4. The device according to claim 2 wherein the location data comprises a plurality of machining operations at different locations on the perimeter frame and wherein the computer controller is arranged to position the clamp members in a common configuration during only some of the machining operations.

5. The device according to claim 2 wherein the computer controller is arranged to position clamp members which are arranged to clamp frame members opposite the location data of the machining head to be adjacent respective corners of the perimeter frame.

6. The device according to claim 2 wherein the computer controller is arranged to position at least one clamp member adjacent the location data of the machining head.

7. The device according to claim 1 wherein the computer controller is arranged to position the clamp members prior to supporting the perimeter frame on the work holder.

8. The device according to claim 1 wherein the computer controller is arranged to position only some of the clamp members to engage the perimeter frame and is arranged to position all of the clamp members to engage other perimeter frames of differing configuration.

9. The device according to claim 1 wherein the work holder is arranged to support the perimeter frame wholly on the clamp members which are supported for movement along the rails.

10. The device according to claim 1 wherein the computer controller is arranged to sense a configuration of the frame and compare the sensed configuration to the preset instructions prior to machining the perimeter frame with the machining head.

11. The device according to claim 10 wherein there is provided a sensor switch on at least one of the clamp members arranged to engage the perimeter frame to sense the configuration of the frame.

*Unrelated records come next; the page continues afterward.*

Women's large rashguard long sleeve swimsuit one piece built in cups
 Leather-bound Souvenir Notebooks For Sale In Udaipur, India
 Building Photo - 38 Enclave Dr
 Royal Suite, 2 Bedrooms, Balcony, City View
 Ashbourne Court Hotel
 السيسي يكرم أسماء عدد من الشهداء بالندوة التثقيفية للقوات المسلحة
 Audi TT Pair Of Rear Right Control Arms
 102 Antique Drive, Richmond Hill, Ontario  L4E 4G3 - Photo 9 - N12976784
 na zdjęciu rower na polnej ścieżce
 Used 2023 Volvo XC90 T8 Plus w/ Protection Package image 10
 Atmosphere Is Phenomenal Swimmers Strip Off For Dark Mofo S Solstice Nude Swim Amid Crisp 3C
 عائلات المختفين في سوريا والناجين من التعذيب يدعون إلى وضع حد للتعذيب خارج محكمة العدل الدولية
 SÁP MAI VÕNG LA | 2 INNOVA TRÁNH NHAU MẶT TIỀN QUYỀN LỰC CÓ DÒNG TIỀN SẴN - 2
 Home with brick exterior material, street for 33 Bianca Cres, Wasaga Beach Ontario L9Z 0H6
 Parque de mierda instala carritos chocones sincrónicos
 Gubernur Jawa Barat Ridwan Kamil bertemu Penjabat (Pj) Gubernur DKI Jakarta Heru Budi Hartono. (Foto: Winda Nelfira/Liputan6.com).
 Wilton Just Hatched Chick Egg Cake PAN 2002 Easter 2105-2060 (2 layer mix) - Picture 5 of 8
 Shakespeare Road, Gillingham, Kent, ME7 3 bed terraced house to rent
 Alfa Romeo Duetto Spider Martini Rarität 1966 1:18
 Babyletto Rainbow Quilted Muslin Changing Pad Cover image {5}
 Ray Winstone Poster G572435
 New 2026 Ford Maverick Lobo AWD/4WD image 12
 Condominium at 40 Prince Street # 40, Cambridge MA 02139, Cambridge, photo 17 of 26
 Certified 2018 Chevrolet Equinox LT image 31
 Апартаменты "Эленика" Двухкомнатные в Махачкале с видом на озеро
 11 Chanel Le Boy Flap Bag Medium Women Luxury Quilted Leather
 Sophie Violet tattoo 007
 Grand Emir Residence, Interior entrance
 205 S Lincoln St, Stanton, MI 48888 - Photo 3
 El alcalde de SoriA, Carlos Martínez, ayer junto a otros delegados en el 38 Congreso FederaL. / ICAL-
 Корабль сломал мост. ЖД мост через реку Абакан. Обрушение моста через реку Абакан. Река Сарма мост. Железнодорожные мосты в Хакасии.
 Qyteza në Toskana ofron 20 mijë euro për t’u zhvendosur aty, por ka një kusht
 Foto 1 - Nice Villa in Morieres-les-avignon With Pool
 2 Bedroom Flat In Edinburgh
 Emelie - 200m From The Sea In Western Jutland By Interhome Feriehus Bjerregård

12. The device according to claim 10 wherein there is provided a sensor switch on at least two clamp members arranged to engage respective adjacent ones of the frame members of the perimeter frame to sense the configuration of the frame.

13. The device according to claim 10 wherein there is provided a motor arranged to displace at least some of the clamp members along the respective rails and wherein there is provided a sensor switch associated with at least one of the motors which is arranged to sense the configuration of the frame.

14. The device according to claim 1 wherein the support arm comprises a robotic arm having a base member and being arranged such that the machining head is arranged for movement about 6 axes relative to the base member so as to engage each of the frame members along a full length thereof.

15. The device according to claim 1 wherein there is provided a front surface machining tool and a rear surface machining tool arranged to be interchangeably supported on the machining head relative to one another, the front surface machining tool being arranged to engage a front side of each frame member in a common front side plane of the perimeter frame and the rear surface machining tool being arranged to engage a rear side of each frame member in a common rear side plane of the perimeter frame.

16. The device according to claim 1 wherein the support rails include a first fixed rail, a first movable rail oriented parallel to the first fixed rail and supported for movement at an adjustable spacing relative to the first fixed rail, a second fixed rail oriented perpendicularly to the first fixed rail, and a second movable rail oriented parallel to the second fixed rail and supported for movement at an adjustable spacing relative to the second fixed rail.

17. The device according to claim 16 wherein the first movable rail and the second movable rail are coupled to one another for relative sliding movement in two perpendicular directions.

18. The device according to claim 16 wherein at least one of the clamp members is supported on the each of the second fixed rail and the second movable rail for movement in a retracting direction between a working position and a retracted position across a plane of movement of the first movable rail.

19. The device according to claim 1 wherein each clamp member comprises two first clamping surfaces oriented perpendicularly in fixed relation to one another and being arranged to engage an outer side and a common rear side of the perimeter frame respectively and at least one second clamping surface arranged to confront a respective one of the first clamping surfaces, said at least one second clamping surface being supported for movement at an adjustable spacing relative to the respective first clamping surface so as to be arranged to clamp one of the frame members of the perimeter frame therebetween.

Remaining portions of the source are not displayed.